Da questo punto di vista l’irrompere della secolarizzazione e del soggettivismo religioso, che in Occidente si accompagna agli stessi fenomeni di revival religioso, non fa fatica ad inserirsi nell’alveo secolare dell’individualismo religioso italiano (a parte l’emergere di gruppi maggiormente identitari, intransigenti, militanti e a volte tendenzialmente fondamentalisti). Da tempo Arnaldo Nesti ha rilevato che ciò che in altri secoli era l’universo religioso, strutturato ordinatamente per zone geografiche (l’Europa e le Americhe ai cristiani, il Maghreb, il Medio Oriente, parte di Asia e Africa nera ai musulmani, l’India agli induisti e ai buddisti e così via) si è trasformato nell’era della globalizzazione in un multiverso, in cui varie forme di appartenenza religiosa attraversano a strisce un’identica nazione e persino quella che è (apparentemente) un’identica religione.
Di questo multiverso l’Italia è, sotto la superficie cattolica, un laboratorio vivente su cui eventi come il Giubileo o lo stesso vigoroso impatto del pontificato wojtyliano intervengono come polline che feconda parti del campo, ma non mutano mai la sostanza e la composizione del terreno, che persiste ad essere variegato.
In questa prospettiva anche il fenomeno dell’“ateismo devoto” o del teo-conservatorismo, che vede spezzoni di ceto politico e mediatico tentare freneticamente di allearsi con la Chiesa cattolica per inventare una nuova religione civile cristianista e occidentalista, appare all’osservatore disincantato come un fremito elitario destinato a sciogliersi nel mare dei Sargassi italiano. Poco più di una di quelle processioni campestri in onore della Madonna, «con spari e mortaretti», che si vedevano nel Sud del secolo passato.

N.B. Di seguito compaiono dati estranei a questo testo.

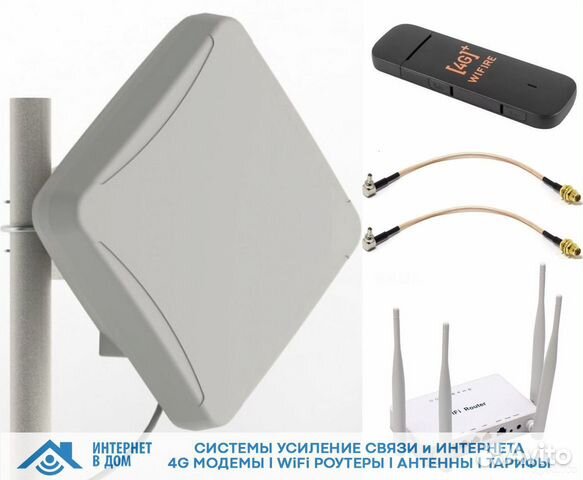 Комплект для загородного интернета 4G
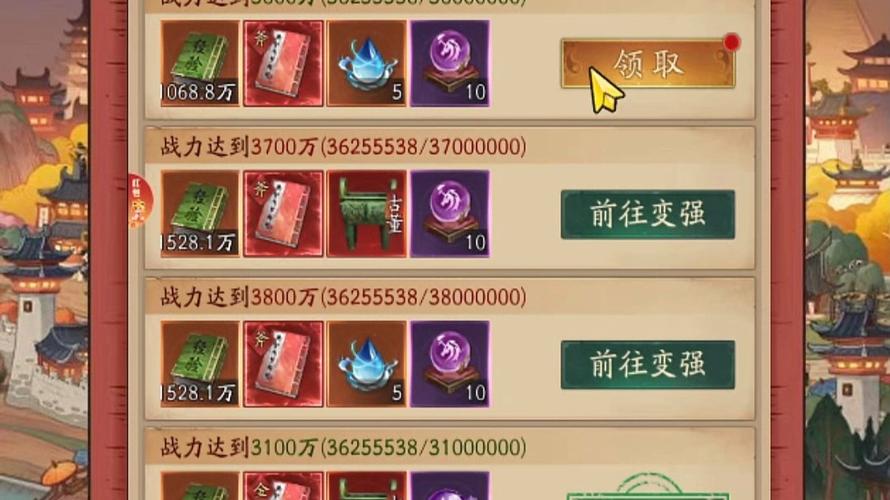 游戏推荐手游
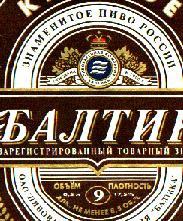 1baltika_9zpr.jpg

Vero è che sul piano politico proprio la dissociazione tra interessi concreti e prassi religiosa privata ha portato nell’ultima decade ad una forte invadenza della gerarchia cattolica nei confronti delle istituzioni e del processo legislativo. Qui si pone, nella sua pregnanza, il problema della laicità della sfera istituzionale: una questione che tocca sia credenti che diversamente credenti, egualmente preoccupati del risorgere di pulsioni fondamentaliste che deformerebbero il carattere plurireligioso e multiculturale della nostra società.
E tuttavia, anche nell’affrontare questi temi, sarebbe sbagliato arretrare a concezioni ispirate ad un vecchio anti-clericalismo. La religione, ci ricorda Nesti, è diventata più che mai nel XXI secolo una potente risorsa culturale, una riserva di senso esistenziale con cui fare i conti, senza mai cadere nella tentazione di semplificazioni o schematismi che appiattiscono la complessità. Inutile verniciare la pelle del leopardo di un colore solo. Le “macchie” delle tante credenze e correnti filosofiche che contrassegnano il manto della società contemporanea ci sono e sono di molte forme e di molti significati. Vale la pena, allora, esplorare queste pagine e lasciarsi stimolare dalla contraddittorietà delle situazioni.